First of all, Trump’s statement mirrors the Declaration of Independence, which established the foundational principles of the U.S. government and its obligations to the people. Like Trump’s speech, the opening sentence of this seminal document states that “Governments are instituted” to “secure” people’s “rights.”
Likewise, James Madison—the primary author of the Bill of Rights and Father of the Constitution”:
- stated at the Constitutional Convention that the defining purpose of the new government they were forming was to provide “more effectually for the security of private rights and the steady dispensation of Justice.”
- wrote in the Federalist Papers that “the first object of government” is the “protection” of the “faculties of men, from which the rights of property originate.”
However, the framers of the Constitution and Bill of Rights left most of those responsibilities to the states, many of which were unwilling to join the union unless they maintained a large degree of independence. As summarized by a 1991 paper in the Duke Law Review, “in most respects, the Constitution left the protection of the rights of individuals under the control of the states.”
As such, the U.S. Supreme Court ruled in the 1833 case of Barron v Baltimore that the rights of the people in the Bill of Rights only had to be respected by the federal government and could be infringed by state governments.
That changed after the Civil War with the 13th Amendment’s ban on slavery and the later passage of the 14th Amendment, which forbids states from:
- enacting or enforcing “any law which shall abridge the privileges or immunities of citizens of the United States.”
- depriving “any person of life, liberty, or property, without due process of law.”
- denying “any person within its jurisdiction the equal protection of the laws.”
The Amendment also gives the U.S. Congress the “power to enforce, by appropriate legislation, the provisions” above.
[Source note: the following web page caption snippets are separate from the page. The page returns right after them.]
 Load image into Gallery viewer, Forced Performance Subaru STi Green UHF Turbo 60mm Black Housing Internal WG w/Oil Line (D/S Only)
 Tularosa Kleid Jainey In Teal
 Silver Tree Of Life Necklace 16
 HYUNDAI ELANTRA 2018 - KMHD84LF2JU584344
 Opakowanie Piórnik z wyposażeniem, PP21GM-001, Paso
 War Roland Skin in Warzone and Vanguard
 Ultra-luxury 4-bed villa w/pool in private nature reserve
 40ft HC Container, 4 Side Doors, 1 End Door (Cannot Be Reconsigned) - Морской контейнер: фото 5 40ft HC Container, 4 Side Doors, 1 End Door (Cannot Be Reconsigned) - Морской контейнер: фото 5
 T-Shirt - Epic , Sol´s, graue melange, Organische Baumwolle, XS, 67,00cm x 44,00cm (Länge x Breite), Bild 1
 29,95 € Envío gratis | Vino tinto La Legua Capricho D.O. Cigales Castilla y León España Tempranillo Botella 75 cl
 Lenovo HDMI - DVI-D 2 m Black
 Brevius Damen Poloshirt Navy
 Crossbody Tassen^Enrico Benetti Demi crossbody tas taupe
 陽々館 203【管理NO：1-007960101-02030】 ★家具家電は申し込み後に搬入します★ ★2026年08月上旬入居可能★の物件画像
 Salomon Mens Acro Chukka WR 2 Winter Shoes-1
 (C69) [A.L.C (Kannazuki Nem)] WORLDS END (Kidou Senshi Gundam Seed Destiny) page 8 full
Congress had since passed multitudes of such laws, and the President “is responsible for implementing and enforcing” them.
The primary impetus for the 14th Amendment was that states were violating the rights of the newly freed African Americans and failing to protect them from groups like the Ku Klux Klan that were terrorizing and killing them. Hence, Congressman John Bingham (R–OH), who drafted the 14th Amendment and introduced it in the House of Representatives, repeatedly stated that it would require state governments to provide “equal protection” to every person’s “life, liberty, and property.”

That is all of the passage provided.